┌─ Source information
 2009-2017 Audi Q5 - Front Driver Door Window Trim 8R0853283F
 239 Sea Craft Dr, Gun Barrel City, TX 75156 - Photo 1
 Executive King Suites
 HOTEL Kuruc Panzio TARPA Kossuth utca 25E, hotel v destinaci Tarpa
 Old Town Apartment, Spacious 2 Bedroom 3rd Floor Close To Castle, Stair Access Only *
└─
┌─ Source information
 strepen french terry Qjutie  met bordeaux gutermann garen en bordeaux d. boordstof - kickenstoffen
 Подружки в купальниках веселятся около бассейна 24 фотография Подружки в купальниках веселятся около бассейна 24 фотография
└─
┌─ Source information
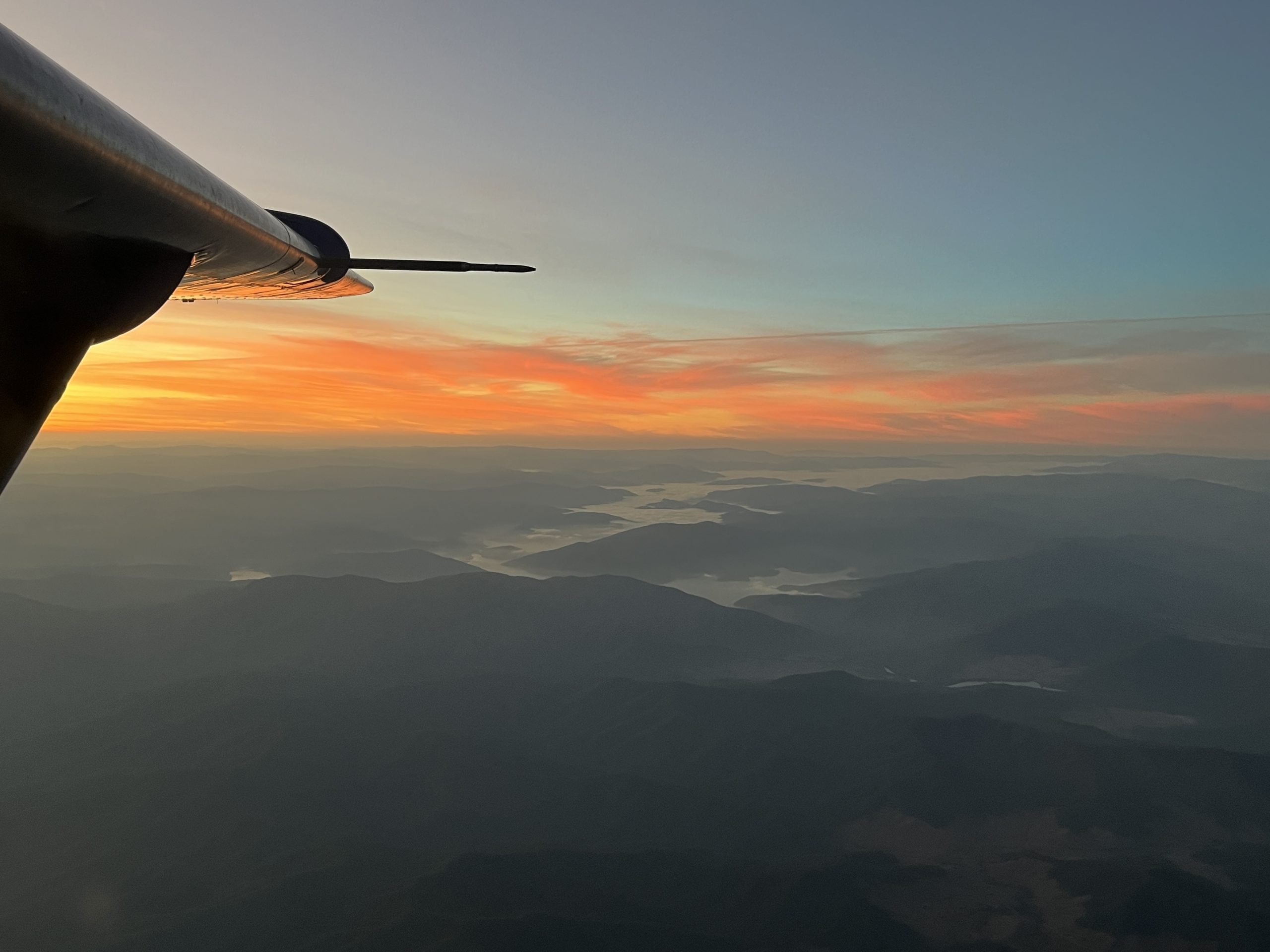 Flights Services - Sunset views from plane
└─
→ Task goal
Could you retype exactly the lines above, starting at the line that contains "2009-2017 Audi Q5" and ending at the line that contains "HOTEL Kuruc Panzio", and nothing more?

→ Solution to this exercise
 2009-2017 Audi Q5 - Front Driver Door Window Trim 8R0853283F
 239 Sea Craft Dr, Gun Barrel City, TX 75156 - Photo 1
 Executive King Suites
 HOTEL Kuruc Panzio TARPA Kossuth utca 25E, hotel v destinaci Tarpa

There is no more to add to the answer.